School-employee dress code modifiedPublished 9:05am Wednesday, August 28, 2013
Shorts, denim and sleeveless clothing will be working their way into work attire for Beaufort County Schools staff this school year.
The Beaufort County Board of Education approved changes to the dress code for faculty and staff at this month’s regularly scheduled board meeting.
BCS Superintendent Don Phipps said he updated the dress code based on conversations he had with faculty, staff and the board.
“I feel like, based on the feedback that I’ve gotten from faculty and staff members, that it’s good for them,” he told the board. “And I think it’s also good for us, in terms of making sure that we get professional environments, but also clothing that’s comfortable for faculty members and staff members to wear.”
Other than physical-education teachers, the staff will still not be allowed to wear sweat pants or wind suits. They will be allowed one garment that was, until this year, only permitted for coaches: shorts.
The policy specifies that shorts should be knee-length. Capri-length pants also are allowed.
Before the updated policy, staff and faculty were not allowed to wear sleeveless garments without a jacket or sweater to cover the arms. Strapless and spaghetti-strap garments still require a jacket or sweater, but sleeveless ensembles are now allowed.
School-spirit T-shirts will be allowed on spirit days. Until this year, T-shirts were never allowed.
Principals or immediate supervisors may grant permission for blue jeans for special events. Teachers may also pull out the blue jeans on teacher workdays.
While blue jeans are not allowed most days, other denim options are permitted. Faculty and staff asked for the exception because some clothing comes in a denim blend and colors other than blue.

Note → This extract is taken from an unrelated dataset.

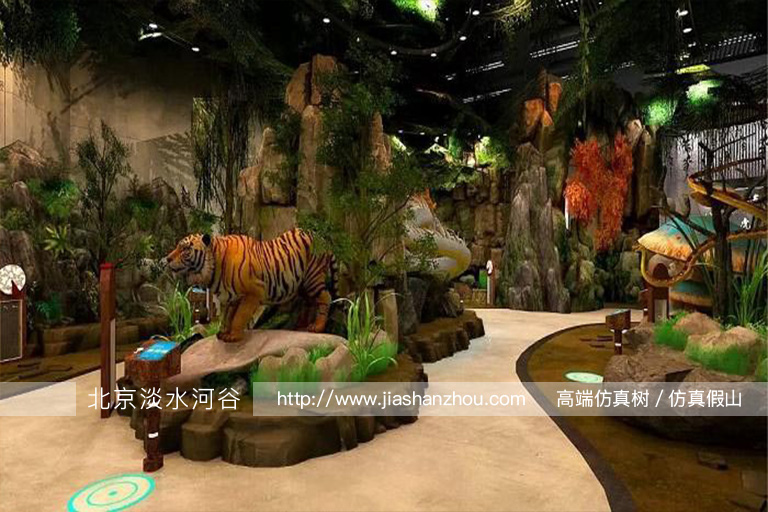 室內(nèi)假山假樹景觀圖片代表國內(nèi)高水準(zhǔn)施工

The policy change also allows denim skirts, provided they are not blue-jean material.
“Dr. Phipps, the principals will enforce this dress code, won’t they?” board member Mac Hodges asked.
When Phipps affirmed they would, Hodges said, “I hope so.”
A distinction between casual flip-flops and thong-style dress sandals was the only change to footwear.
“And I like the way you clarified the flip-flop thing,” said board Chairwoman Cindy Winstead. “Because there are a lot of shoes that are thong-type … yet they’re dressy to wear,” she said.
The previous dress code had been in place since the 2005-2006 school year. Board members said they would give this dress code at least two school years before considering additional changes.
The new dress-code policy took effect Monday, which was the first day of school.